Straßburg – Die Große Kammer des Europäischen Menschenrechtsgerichtshofs will am 11. Juli ihr Urteil in einem Vertragsverletzungsverfahren gegen die Türkei sprechen. Das kündigte das Gericht in Straßburg am Montag an. Veranlasst wurde das Verfahren durch die Weigerung Ankaras, eine frühere Entscheidung zu dem inhaftierten türkischen Menschenrechtsaktivisten Osman Kavala umzusetzen. Von dem Urteil kommende Woche hängen mögliche Folgen für die Mitwirkung der Türkei im Europarat ab.
Kavala saß über vier Jahre in Untersuchungshaft, weil ihm staatsfeindliche Umtriebe in Zusammenhang mit den regierungskritischen Gezi-Protesten von 2013 und dem Putschversuch 2016 vorgeworfen wurden. Er selbst weist die Anschuldigungen zurück. Der Menschenrechtsgerichtshof in Straßburg bewertete einen ersten Prozess gegen ihn im Dezember 2019 als politisch motiviert und verlangte Kavalas Freilassung. Die Türkei ignorierte dies.
Das Ministerkomitee des Europarates bat daraufhin am 2. Februar den Europäischen Gerichtshof für Menschenrechte um Klärung, ob die Türkei ihre Verpflichtung zur Umsetzung des Urteils verletzt habe.
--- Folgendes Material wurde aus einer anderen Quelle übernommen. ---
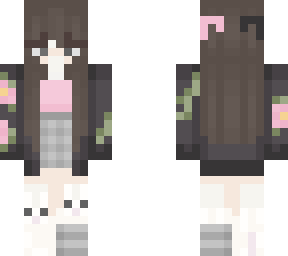 wip not done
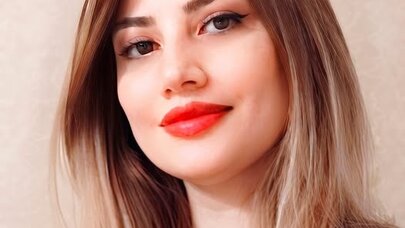 Azərbaycan Dövlət Aqrar Universitetinin gənc əməkdaşı vəfat etdi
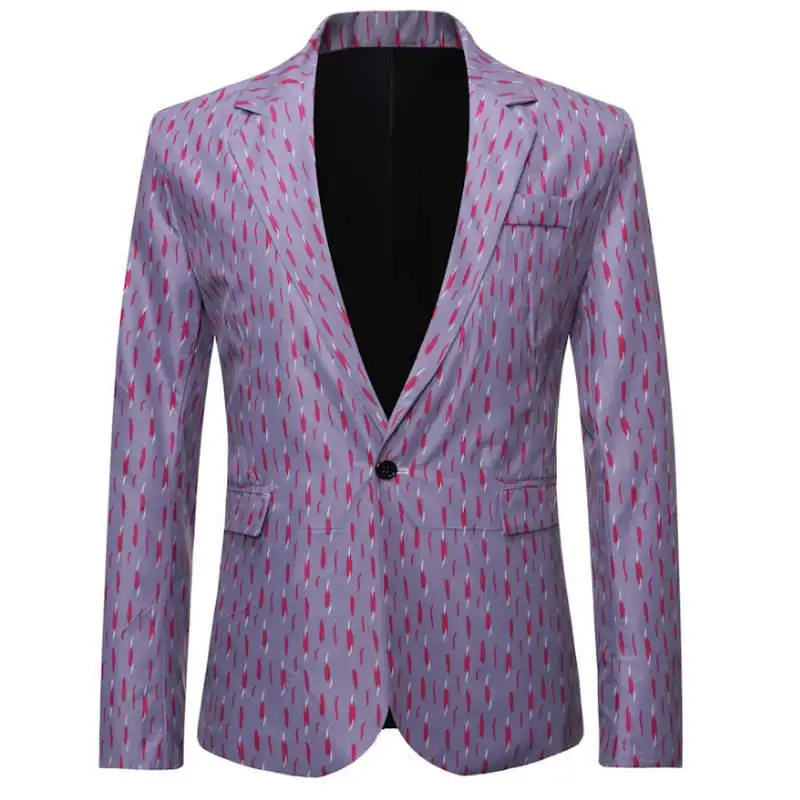 hombres abrigos Slim Ternos para Homens Terno Casamento Masculino Traje Festa формальный hacer Negcio chaqueta dos homens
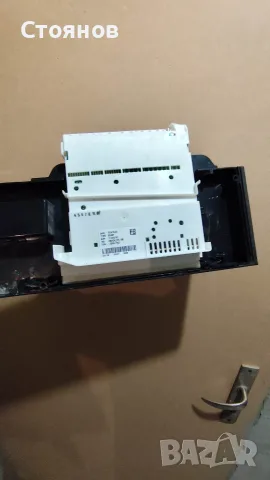 Платка за съдомиялна Electrolux , снимка 3 - Съдомиялни - 56607653
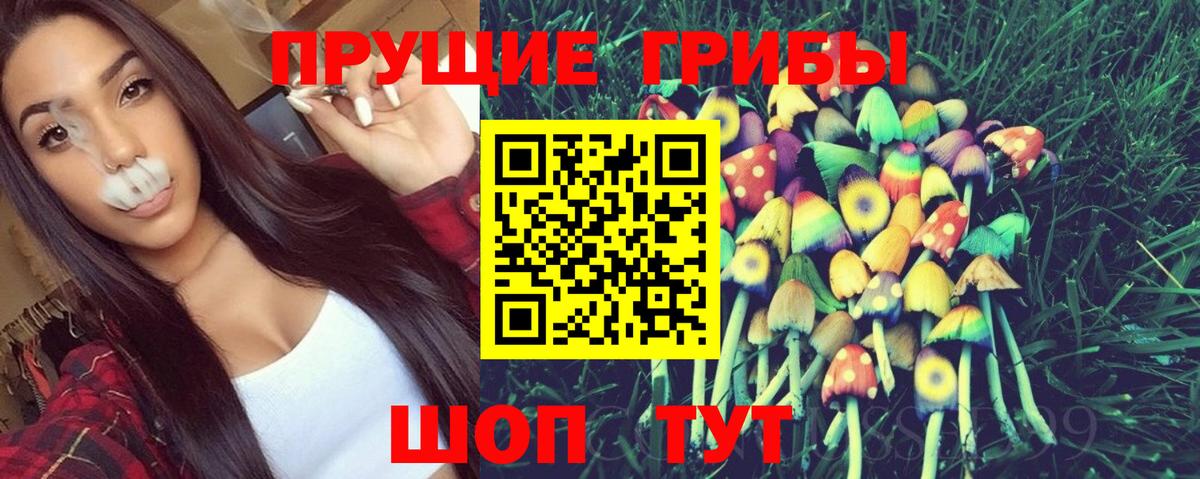 хочу   Галлюциногенные грибы Magic Shrooms  Вход с VPN  Асбест  Галлюциногенные грибы GOLDEN TEACHER 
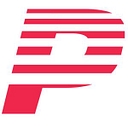 Pemco Lighting Products logo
Dieser Fall wurde der Großen Kammer mit 17 Richtern zugewiesen. Laut Mitteilung des Gerichts reichten das Ministerkomitee, die türkische Regierung und Kavala schriftliche Stellungnahmen ein, ebenso Europarats-Menschenrechtskommissarin Dunja Mijatovic.
Ende März hatte ein Gericht in Istanbul Kavala wegen versuchten Umsturzes zu lebenslanger Haft ohne Bewährung verurteilt. International stieß die Entscheidung auf scharfe Kritik, auch seitens der Bundesregierung. Die Anwälte des 64-Jährigen kündigten Berufung an.